Greece 5-Year Sovereign CDS Widens
Dow Jones Newswires
LONDON -- The pressure on Greece showed no sign of abating Friday with the cost of insuring the country's sovereign debt against default rising again.
According to CMA DataVision, Greece's five-year sovereign credit-default swap spreads--a key measure of credit risk--stood at 446 basis points in early trading Friday, up around 19 basis points from Thursday's close of 427 basis points.
The movement means it now costs around EUR446,000 a year to insure a notional EUR10 million of Greek sovereign debt against default for five years. That's up from the EUR427,000 it cost at Thursday's close and the EUR256,000 it cost a month ago.

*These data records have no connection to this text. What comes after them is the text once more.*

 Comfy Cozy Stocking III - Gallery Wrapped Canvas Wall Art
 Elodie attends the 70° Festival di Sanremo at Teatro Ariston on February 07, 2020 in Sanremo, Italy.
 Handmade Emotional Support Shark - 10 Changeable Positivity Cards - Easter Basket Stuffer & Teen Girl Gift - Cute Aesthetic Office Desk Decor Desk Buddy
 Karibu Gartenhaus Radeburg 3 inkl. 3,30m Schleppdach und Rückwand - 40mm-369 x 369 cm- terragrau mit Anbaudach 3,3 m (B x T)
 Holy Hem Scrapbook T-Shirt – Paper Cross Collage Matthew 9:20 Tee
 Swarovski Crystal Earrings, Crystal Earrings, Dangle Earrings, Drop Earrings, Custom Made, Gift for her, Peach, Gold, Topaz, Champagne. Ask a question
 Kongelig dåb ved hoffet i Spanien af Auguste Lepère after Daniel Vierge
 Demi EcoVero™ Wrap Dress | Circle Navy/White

"With sovereign debt and fiscal difficulties remaining a concern, sovereign spread volatility will not disappear soon," said Tim Brunne at UniCredit SpA.
Concerns about Greece's debt woes, and fears that other deficit-heavy economies in the region will run into the same problems, continue to weigh on market sentiment across the globe.

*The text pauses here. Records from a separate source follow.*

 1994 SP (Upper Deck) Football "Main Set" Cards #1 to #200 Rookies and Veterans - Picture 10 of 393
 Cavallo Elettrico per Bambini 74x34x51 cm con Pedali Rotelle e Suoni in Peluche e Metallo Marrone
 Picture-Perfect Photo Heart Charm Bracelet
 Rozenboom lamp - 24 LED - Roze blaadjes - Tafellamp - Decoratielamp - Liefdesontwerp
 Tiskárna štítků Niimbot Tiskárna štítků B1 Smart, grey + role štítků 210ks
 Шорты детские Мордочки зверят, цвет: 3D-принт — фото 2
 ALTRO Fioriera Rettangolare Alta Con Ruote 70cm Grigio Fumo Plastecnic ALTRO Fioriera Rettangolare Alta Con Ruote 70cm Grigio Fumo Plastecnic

"The crisis in euro area sovereigns is reaching new proportions and the contagion is getting more serious," said analysts at Royal Bank of Scotland PLC in a note.
Portugal's five-year sovereign CDS spreads were quoted at 239 basis points, after closing Thursday at 229 basis points. And Spain's sovereign CDS spreads widened around 12 basis points to 182 basis points, according to CMA.
CDS are tradable, over-the-counter derivatives that function like a default insurance contract for debt. If a borrower defaults, the protection buyer is paid compensation by the protection seller. Swap buyers may be protecting investments they own or simply making bearish bets against companies or countries.